• Sports Direct clarifies role of Michael Murray
  • Retailer says Murray is employed only as a consultant and not a director
  • Murray is not receiving a salary and will be paid ‘based solely on creating value’

Sports Direct has moved to clarify the role played at the retailer by Michael Murray – the boyfriend of founder Mike Ashley’s daughter.

The 26-year-old, who lives with Ashley’s daughter Anna, has been drafted in to head up Sports Direct’s property team for the UK and internationally.

Reports over the weekend suggested Murray, who previously promoted student nights and ran festivals, had been appointed to the role of property director.

But Sports Direct has released a statement this morning revealing that Murray is only working for the business as a consultant and “is not paid a salary.”

The retailer said Murray is leading a team that is “primarily tasked with finding new sites for both our larger format stores and our combined gym and retail units,” but added he was “not a director of any company within the Sports Direct Group”.

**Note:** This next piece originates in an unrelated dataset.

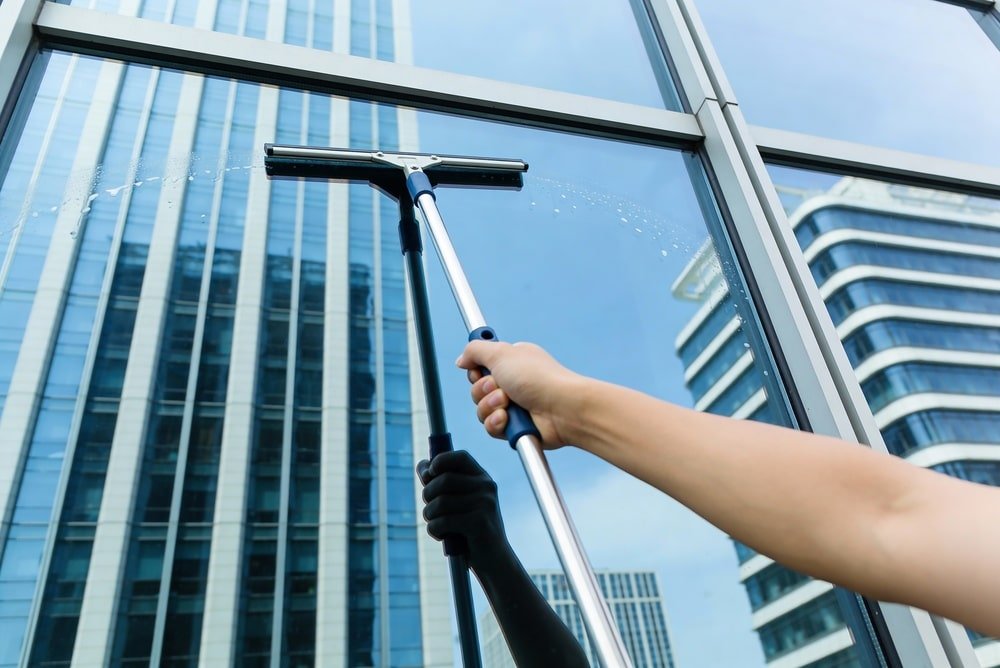 Glasbewassing Bedrijven met inspectie van bedrijfspanden, entrees, glasstroken en werktijden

The statement, which does not address the nature of Murray’s relationship with Ashley’s daughter, continued: “His remuneration is based solely on creating value, with the company’s non-executive directors overseeing an independent review annually and deciding, in their absolute discretion, how much of any increased value (up to a maximum of 25%) shall be paid to Michael.”

It comes weeks after Sports Direct issued a detailed statement pledging to review staff conditions following what it dubbed the “unfair portrayal” of practices at its warehouse in Shirebrook.

And on Thursday the retailer pledged to pay staff above the national living wage in a move that is set to cost the business £10m a year.

Speaking to Retail Week exclusively in October, chief executive Dave Forsey vowed Sports Direct would do a “better” job of combating “negative media coverage.”

Forsey said: “We do take our responsibilities very seriously. We need to do a better job, myself included, in making sure our story comes across.”